The functions ischar, isnumeric, isLogical test the type of a variable, not its value. NaN is a numerical value, not a type of data. So the value of "isnumeric(NaN)" is "true".

NaN doesn't match any of the cases in the switch statement, so Y_output isn't set to anything.

Note, your switch statement "works" but it's not really what it is intended for. Look at the examples in http://www.mathworks.co.uk/help/matlab/ref/switch.html. It would be better to replace the switch with another if ... elseif .... else ...end statement.

3. Jun 19, 2014

D H

Staff Emeritus
The part you got wrong is the numerical part. The assignment says (emphasis mine) "for each element of X_input, assign to the corresponding element of Y output having the same index, a value based on the following piecewise function ..." You didn't do that.

For example, if X_input contained [3.0, 1.5, -3, 1.57079632679, 0.5], the output should have been [0.25, 2.0, -0.1, 0.0, 0.25].

4. Jun 19, 2014

Maylis

So I should not use the switch case otherwise block for this problem at all?
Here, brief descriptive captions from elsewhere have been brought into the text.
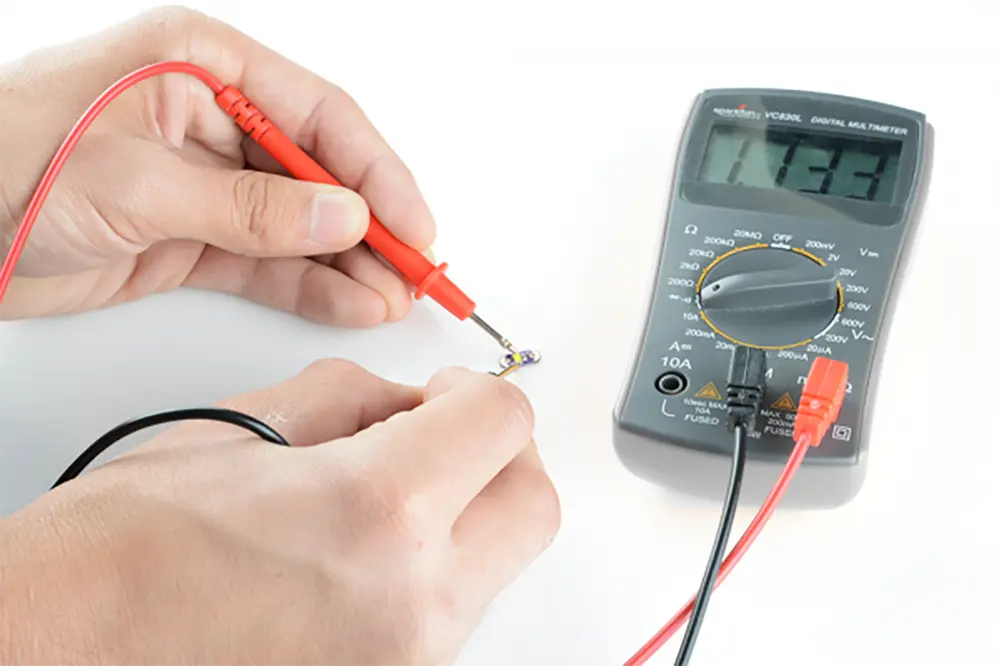 Technician using a multimeter on an LED strip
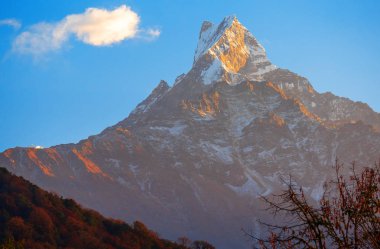mountain peak of Machapuchare. A mountain in the Annapurna Himalayas of north central Nepal clipart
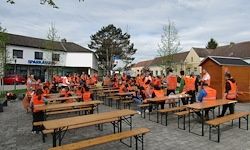 Eine große Gruppe von Menschen in orangen Westen sitzt an Tischen vor einem Gebäude mit Bäumen und Häusern im Hintergrund.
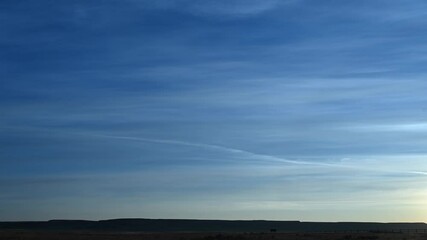 Wall Mural - time lapse of late day streaky clouds in a blue sky above a flat prairie landscape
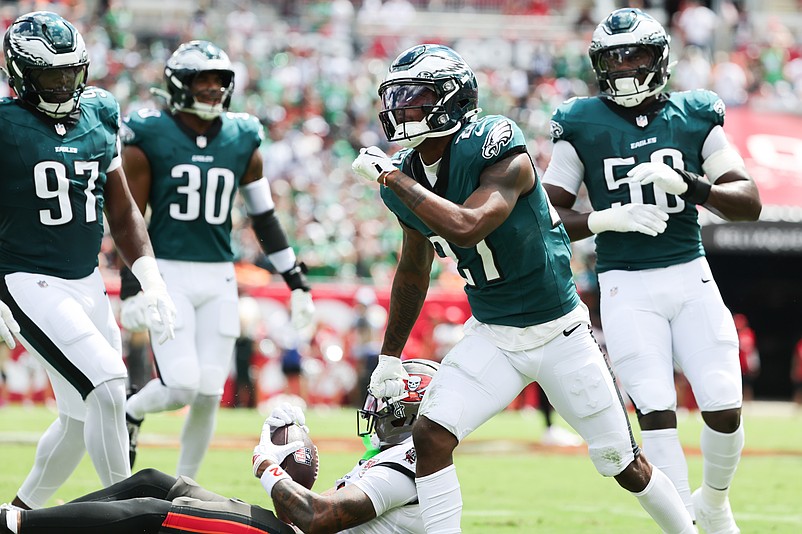 Sep 28, 2025; Tampa, Florida, USA; Philadelphia Eagles safety Sydney Brown (21) celebrates during the first quarter against the Tampa Bay Buccaneers at Raymond James Stadium. Mandatory Credit: Kim Klement Neitzel-Imagn Images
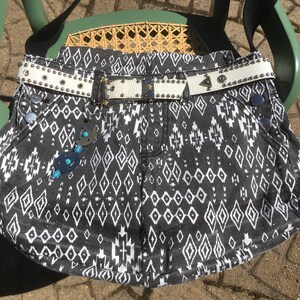 May include: A black and white patterned denim bag with a white studded belt. The bag has a geometric design and is decorated with turquoise and silver embellishments.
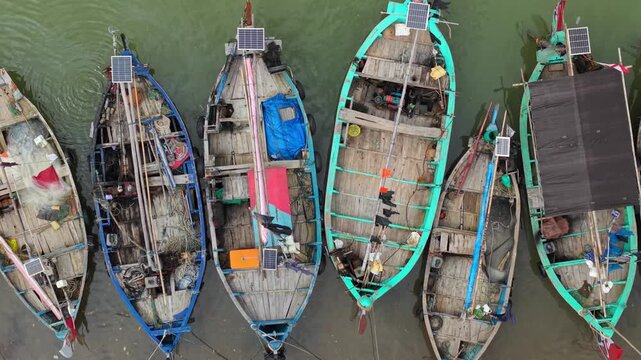 Aerial view of fishing boats docked at Jepara Floating Fish Market, showcasing textures and tones, and the contrast between the boats and the water, Jepara, Central Java, Indonesia.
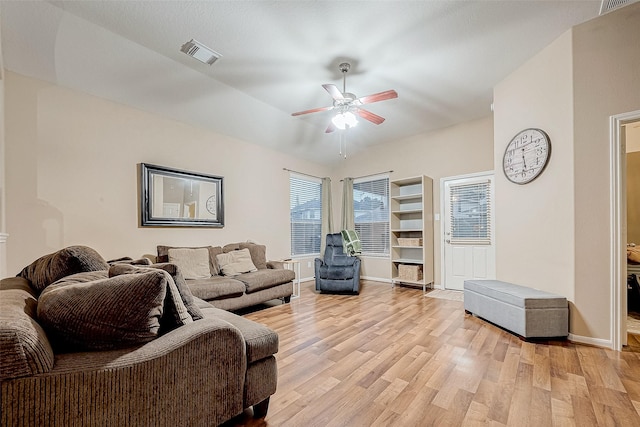 living room with light wood-type flooring and ceiling fan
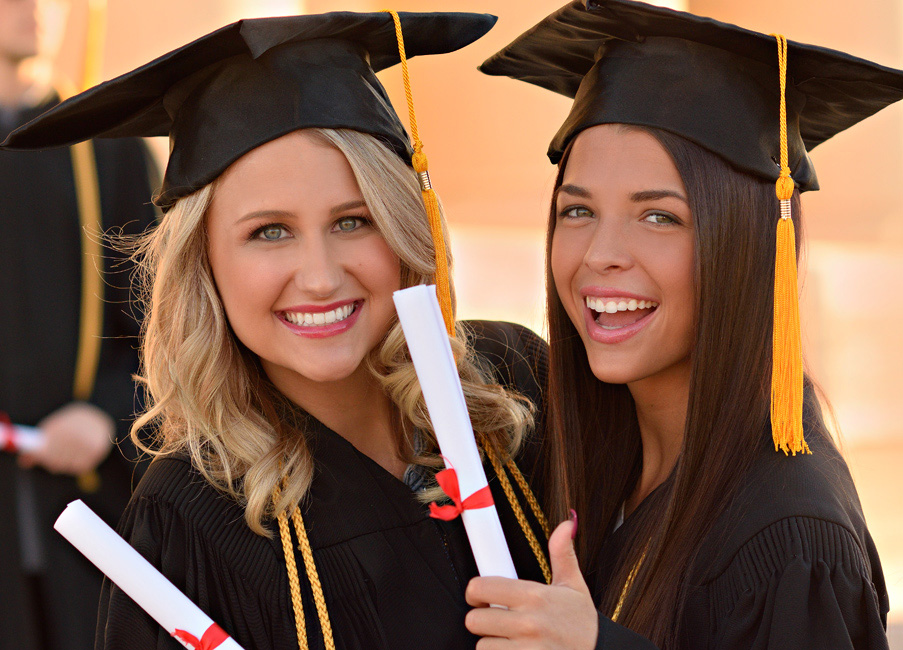 picture of two female students in cap and gowns with diploma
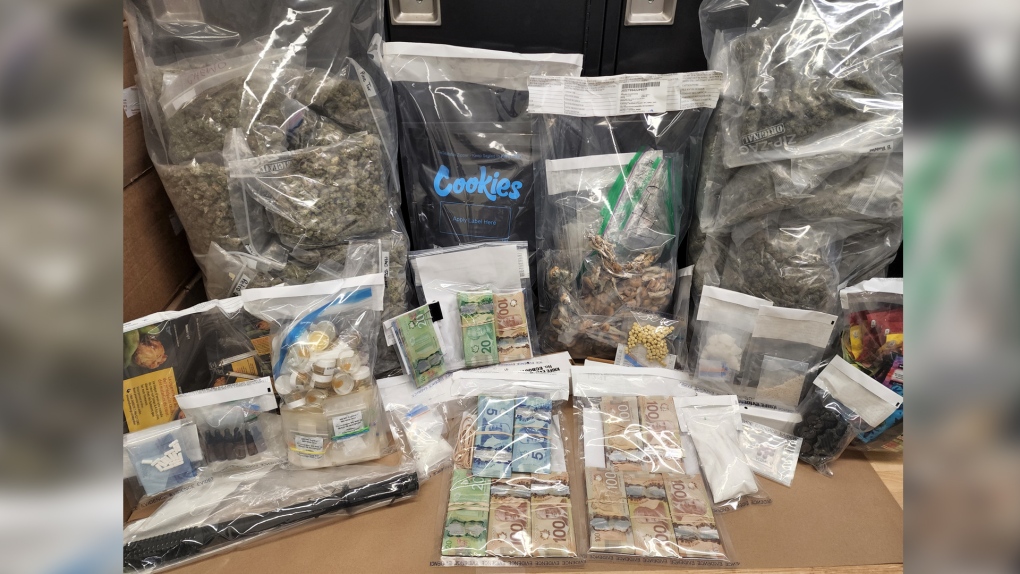 Drugs and cash seized in a bust in northern Alberta. (Supplied: RCMP)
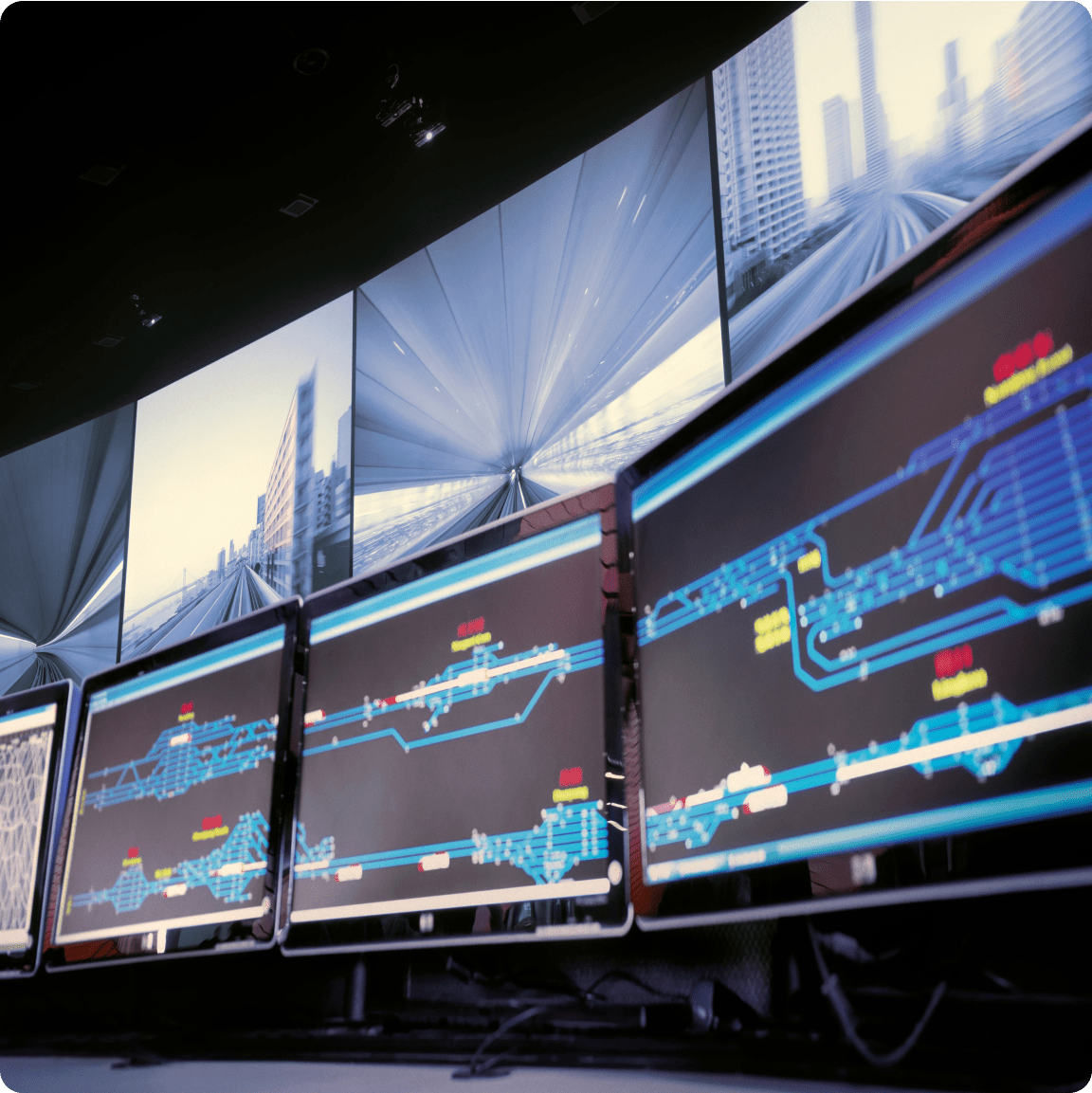 A workstation with several computer monitors, each presenting various images, illustrating a multi-tasking environment.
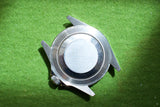 Stainless steel watch case back on a green textured background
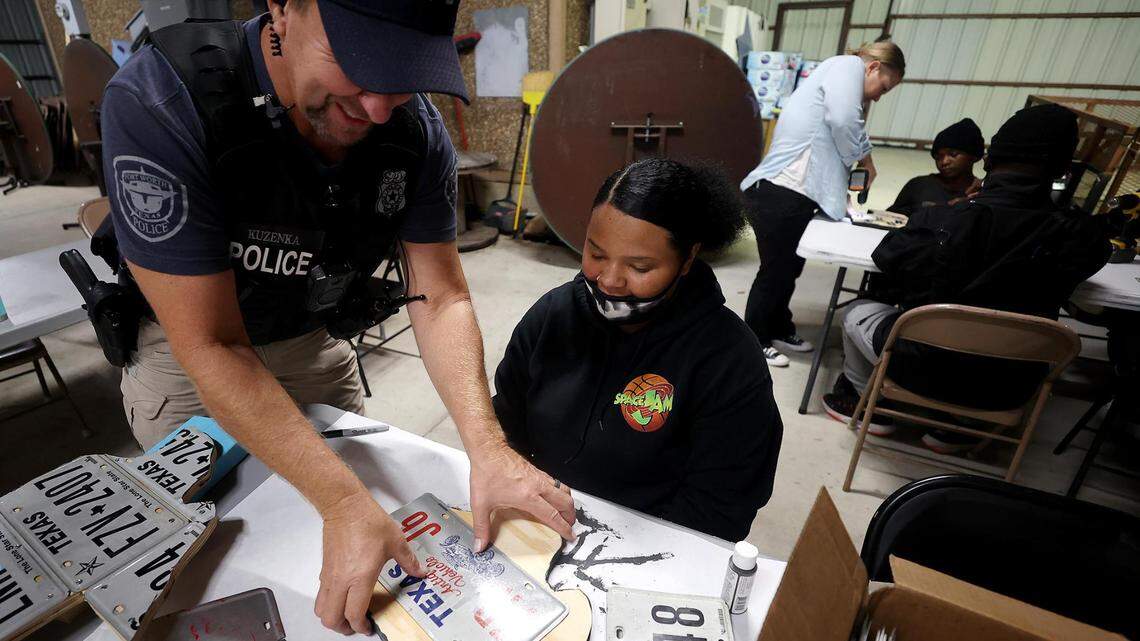 Officer Mike Kuzenka helps Anna Hanson, 18, on an art project at Art of Living, which provides art classes and outreach programs to children staying at Presbyterian Night Shelter.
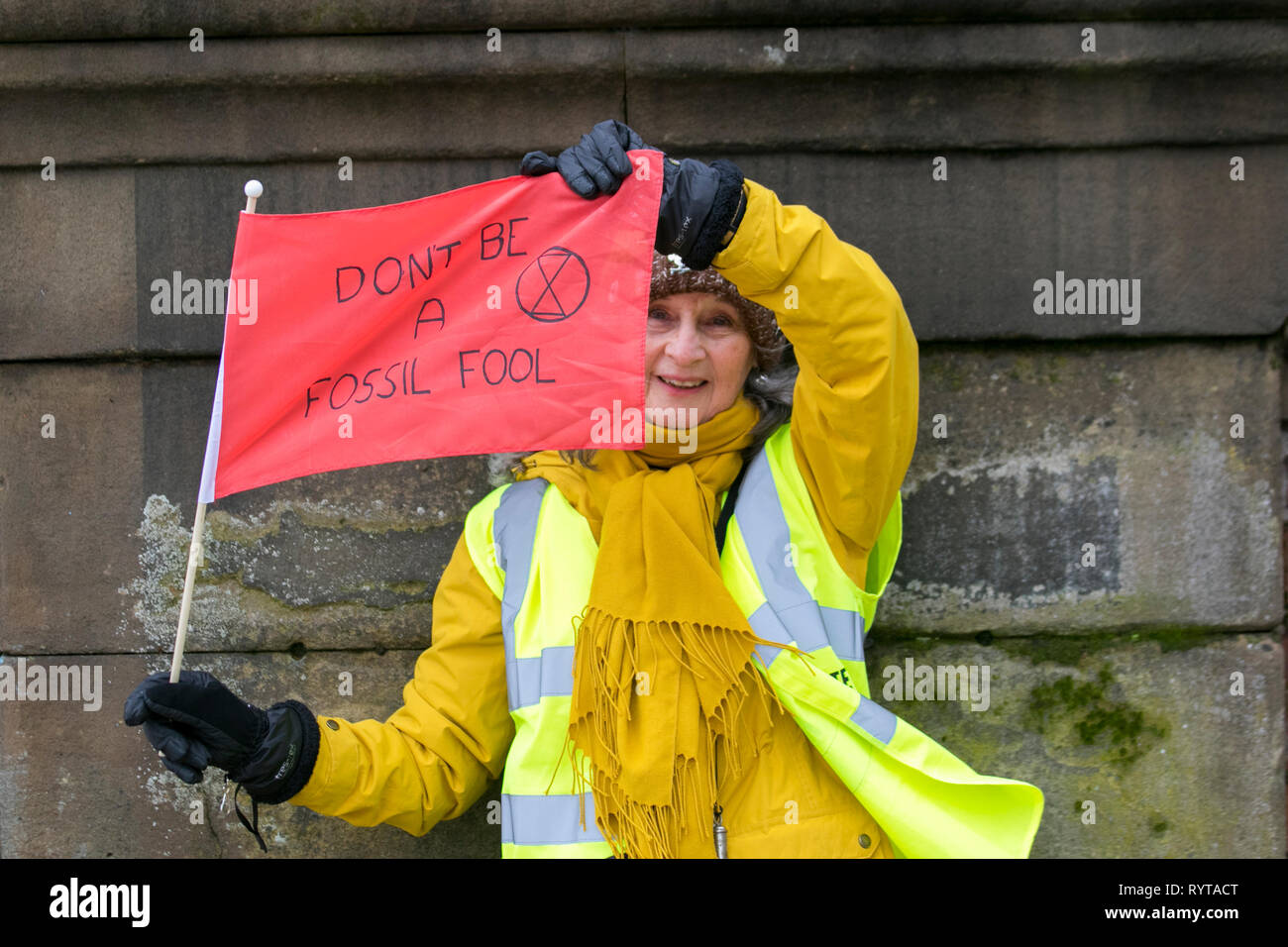 Preston, Lancashire. 15th March, 2019. Pauline waving a red flag 'Don't be a fossil fool' at the School strike 4 Climate change, as parents and school children assemble outside the railway station with banners and placards protesting for action against climate change.  The demonstrators marched through the city centre to continue their protest at the Flag Market in the city centre. Children from around Lancashire have walked out of classes today as part of an international Climate Strike. Credit:MWI/AlamyLiveNews Stock Photo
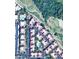 Aerial view of condo community near golf course with pool at 5122 E Shea Blvd # 1117, Scottsdale, AZ 85254
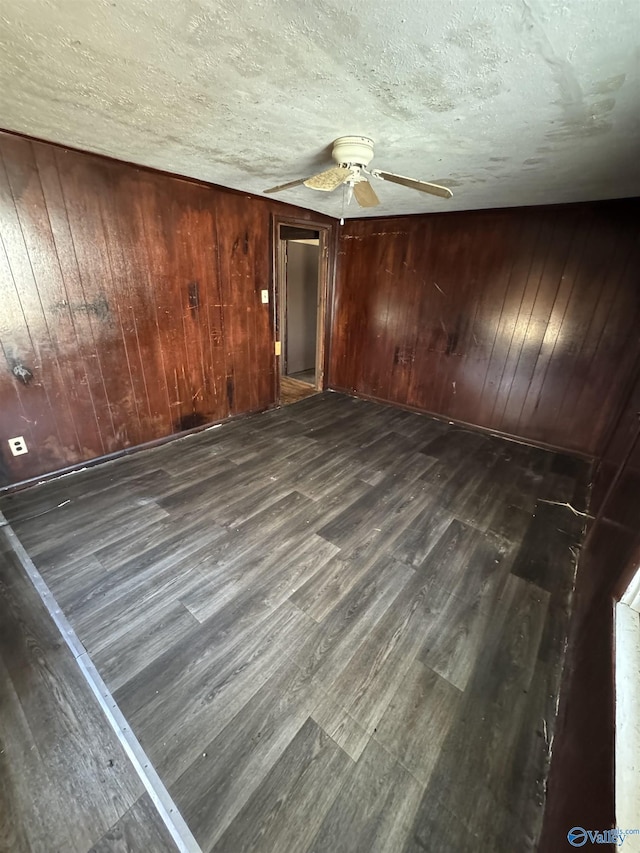 unfurnished bedroom with ceiling fan, dark hardwood / wood-style floors, a textured ceiling, and wood walls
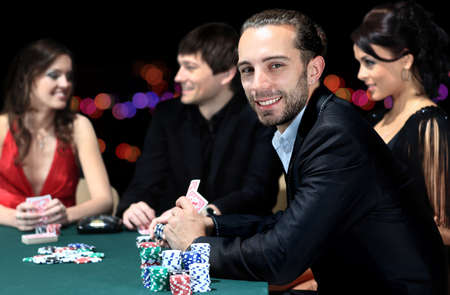 Poker players sitting around a table at a casinoの写真素材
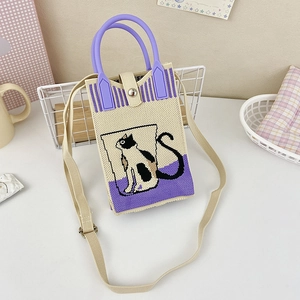 Detail of knitted shoulder bag with cute black cat pattern and purple handle
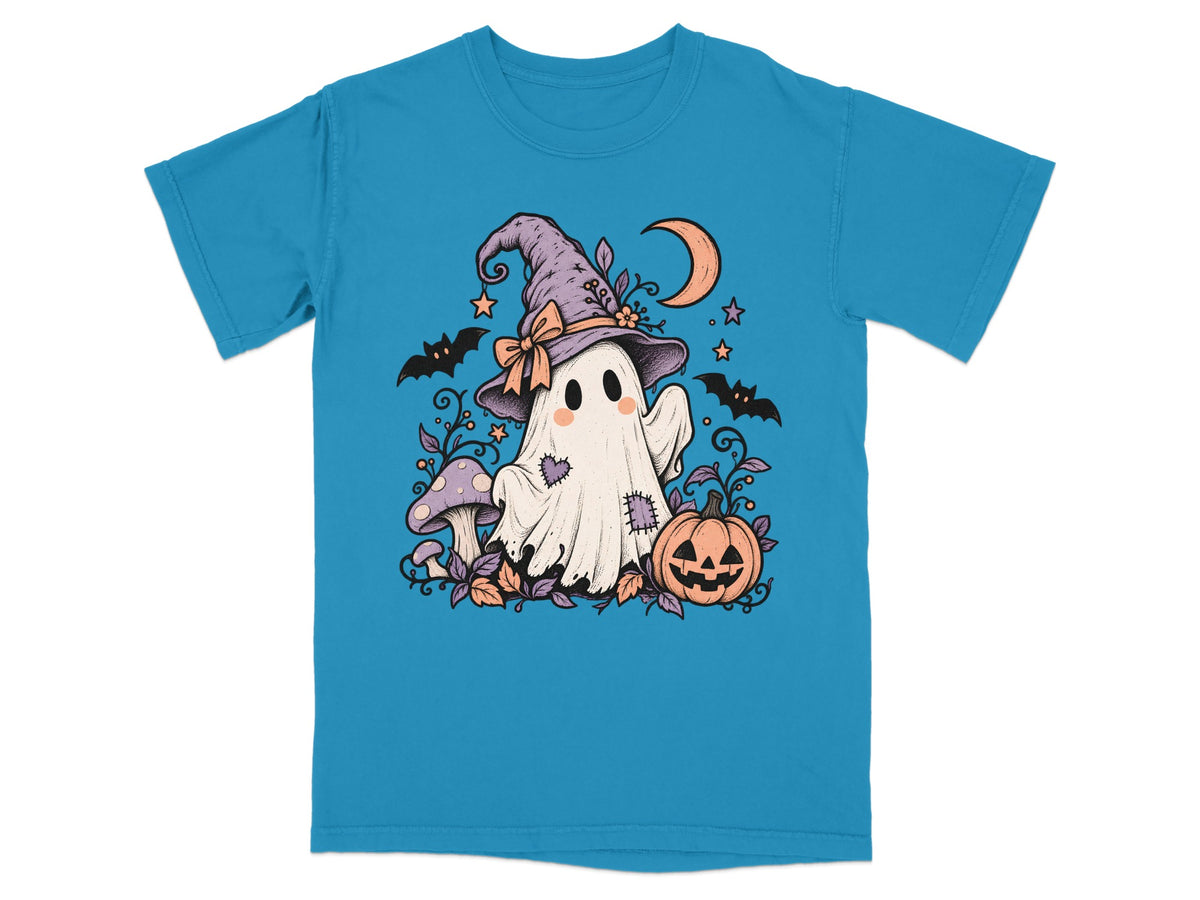 Cartoon ghost with witch hat, bats, pumpkin, mushrooms, and moon on a blue t-shirt.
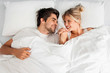 © Tijana - Young loving couple lying on the bed, enjoying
I don't understand how to use the if-elseif-else-end block with all my various cases. It seemed natural to use a switch case because of all of the cases in the piecewise function. Should I do an elseif for every case in the piecewise function?

Last edited: Jun 19, 2014
5. Jun 19, 2014

AlephZero

Yes. You can "nest" a complete if .... elseif ... elseif .... else ... end structure inside another one, which is what I would have done here.

The outer one does the tests for character, numeric, and logical. The inner one tests the different ranges.

Actually I'm surprised your code even compiles. It could be that it actually means something very different from what you intended. But I don't use Matlab much and I don't feel like reading the reference manual to figure out exactly what is going on, sorry!

6. Jun 19, 2014

D H

Staff Emeritus
You need a loop (or you need to use an advanced Matlab function that essentially does the loop for you).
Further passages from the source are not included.